Israeli forces stormed Al-Aqsa mosque, also commonly known as al-Qibli mosque, overnight, arresting more than 350 people, according to media reports.
The raids continued into Wednesday morning. In response, Palestinian militants in the Gaza Strip fired rockets at Israel.
Mr. Wennesland issued a statement saying he was appalled by the images of violence inside the mosque, which is located in the Old City of Jerusalem and considered the third holiest site in Islam.
“I am disturbed by the apparent beating of Palestinians by Israeli security forces and large number of arrests.
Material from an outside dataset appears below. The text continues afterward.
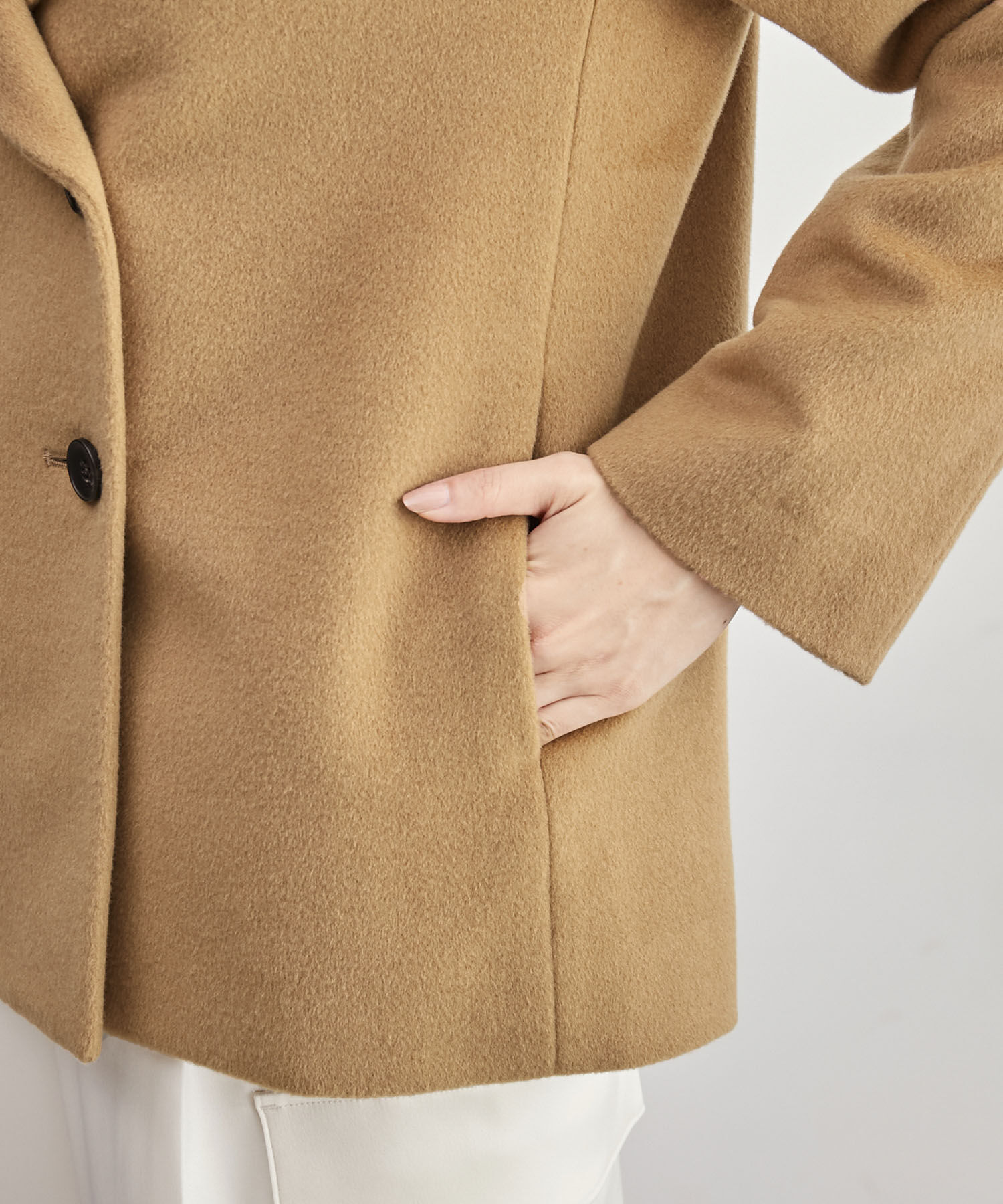 ROPE「【高評価】プレミアムカシミヤショートコート」|ステンカラーコート|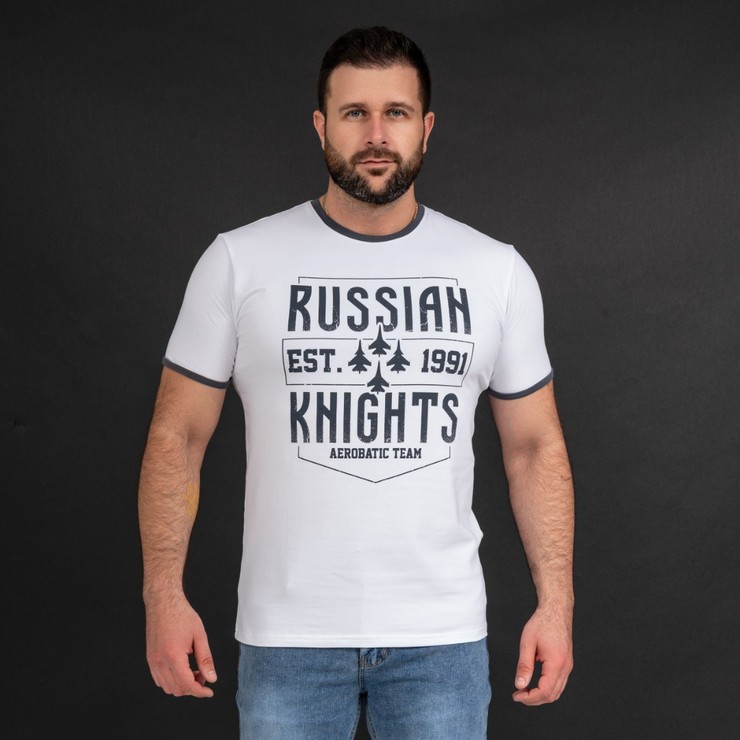 Футболка стрейч белая «Russian Knights»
I also strongly reject the stockpiling and use of fireworks and rocks by Palestinians inside the mosque,” he said.
Al-Qibli mosque, within the overall compound of Al-Aqsa, is situated on Temple Mount, which is sacred to Jews.
Violent clashes took place there two years ago, sparking 11 days of deadly conflict between Israel and Palestinian armed groups in Gaza.
Safety at holy sites
The latest raid took place during the holy month of Ramadan and on the eve of the Jewish Passover holiday, against a backdrop of rising unrest between Israelis and Palestinians.
“This holy period and places of worship should be for safe and peaceful religious reflection, noting that nearly 600,000 people have visited the Holy Sites in Jerusalem since the beginning of Ramadan,” said Mr. Wennesland, the UN Special Coordinator for the Middle East Peace Process
“I call on political, religious and community leaders on all sides to reject incitement, inflammatory rhetoric, and provocative actions.”
Refrain from escalation
The UN envoy insisted that the “historic status quo” of the holy sites must be upheld, in line with the special role of Jordan, their custodian.
“Leaders on all sides must act responsibly and refrain from steps that could escalate tensions,” he said, adding that “the indiscriminate firing of rockets from Gaza is unacceptable and must stop.”
He said the UN remains in close contact with all parties to de-escalate the situation.